→ EXERCISE PROMPT: The records below need to be restated word for word.

→ SUPPLIED MATERIAL:
==========
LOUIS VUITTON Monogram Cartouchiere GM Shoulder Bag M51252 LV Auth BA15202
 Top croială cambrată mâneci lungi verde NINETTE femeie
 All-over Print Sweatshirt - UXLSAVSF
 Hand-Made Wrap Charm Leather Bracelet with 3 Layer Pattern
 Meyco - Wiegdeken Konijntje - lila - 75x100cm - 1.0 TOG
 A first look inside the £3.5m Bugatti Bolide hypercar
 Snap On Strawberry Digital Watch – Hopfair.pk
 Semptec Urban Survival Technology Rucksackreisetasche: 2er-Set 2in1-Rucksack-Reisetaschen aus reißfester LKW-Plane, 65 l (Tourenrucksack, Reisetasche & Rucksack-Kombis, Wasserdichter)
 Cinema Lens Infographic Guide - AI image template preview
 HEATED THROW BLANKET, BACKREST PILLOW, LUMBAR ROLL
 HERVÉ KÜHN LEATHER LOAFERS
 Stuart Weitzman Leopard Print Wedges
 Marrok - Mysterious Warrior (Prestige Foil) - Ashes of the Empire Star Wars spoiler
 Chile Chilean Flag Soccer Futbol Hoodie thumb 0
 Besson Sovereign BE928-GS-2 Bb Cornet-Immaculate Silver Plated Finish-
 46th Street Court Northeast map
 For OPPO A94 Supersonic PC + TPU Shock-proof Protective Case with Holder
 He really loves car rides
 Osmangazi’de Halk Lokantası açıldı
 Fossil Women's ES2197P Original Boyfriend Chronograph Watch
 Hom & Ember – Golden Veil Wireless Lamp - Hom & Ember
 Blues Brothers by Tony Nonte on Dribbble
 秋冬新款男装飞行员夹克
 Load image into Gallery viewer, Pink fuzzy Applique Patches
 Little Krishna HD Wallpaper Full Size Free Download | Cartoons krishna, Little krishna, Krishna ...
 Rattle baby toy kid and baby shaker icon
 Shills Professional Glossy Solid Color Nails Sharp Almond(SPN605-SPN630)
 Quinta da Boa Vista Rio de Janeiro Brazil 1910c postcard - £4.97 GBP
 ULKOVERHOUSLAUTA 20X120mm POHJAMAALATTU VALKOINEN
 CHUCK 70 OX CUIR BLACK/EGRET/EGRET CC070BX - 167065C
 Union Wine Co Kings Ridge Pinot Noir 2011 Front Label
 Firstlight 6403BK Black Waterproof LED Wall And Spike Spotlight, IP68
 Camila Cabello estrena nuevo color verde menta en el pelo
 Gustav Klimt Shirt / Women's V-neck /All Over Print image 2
==========
→ RESULT OF THE EXERCISE:
LOUIS VUITTON Monogram Cartouchiere GM Shoulder Bag M51252 LV Auth BA15202
 Top croială cambrată mâneci lungi verde NINETTE femeie
 All-over Print Sweatshirt - UXLSAVSF
 Hand-Made Wrap Charm Leather Bracelet with 3 Layer Pattern
 Meyco - Wiegdeken Konijntje - lila - 75x100cm - 1.0 TOG
 A first look inside the £3.5m Bugatti Bolide hypercar
 Snap On Strawberry Digital Watch – Hopfair.pk
 Semptec Urban Survival Technology Rucksackreisetasche: 2er-Set 2in1-Rucksack-Reisetaschen aus reißfester LKW-Plane, 65 l (Tourenrucksack, Reisetasche & Rucksack-Kombis, Wasserdichter)
 Cinema Lens Infographic Guide - AI image template preview
 HEATED THROW BLANKET, BACKREST PILLOW, LUMBAR ROLL
 HERVÉ KÜHN LEATHER LOAFERS
 Stuart Weitzman Leopard Print Wedges
 Marrok - Mysterious Warrior (Prestige Foil) - Ashes of the Empire Star Wars spoiler
 Chile Chilean Flag Soccer Futbol Hoodie thumb 0
 Besson Sovereign BE928-GS-2 Bb Cornet-Immaculate Silver Plated Finish-
 46th Street Court Northeast map
 For OPPO A94 Supersonic PC + TPU Shock-proof Protective Case with Holder
 He really loves car rides
 Osmangazi’de Halk Lokantası açıldı
 Fossil Women's ES2197P Original Boyfriend Chronograph Watch
 Hom & Ember – Golden Veil Wireless Lamp - Hom & Ember
 Blues Brothers by Tony Nonte on Dribbble
 秋冬新款男装飞行员夹克
 Load image into Gallery viewer, Pink fuzzy Applique Patches
 Little Krishna HD Wallpaper Full Size Free Download | Cartoons krishna, Little krishna, Krishna ...
 Rattle baby toy kid and baby shaker icon
 Shills Professional Glossy Solid Color Nails Sharp Almond(SPN605-SPN630)
 Quinta da Boa Vista Rio de Janeiro Brazil 1910c postcard - £4.97 GBP
 ULKOVERHOUSLAUTA 20X120mm POHJAMAALATTU VALKOINEN
 CHUCK 70 OX CUIR BLACK/EGRET/EGRET CC070BX - 167065C
 Union Wine Co Kings Ridge Pinot Noir 2011 Front Label
 Firstlight 6403BK Black Waterproof LED Wall And Spike Spotlight, IP68
 Camila Cabello estrena nuevo color verde menta en el pelo
 Gustav Klimt Shirt / Women's V-neck /All Over Print image 2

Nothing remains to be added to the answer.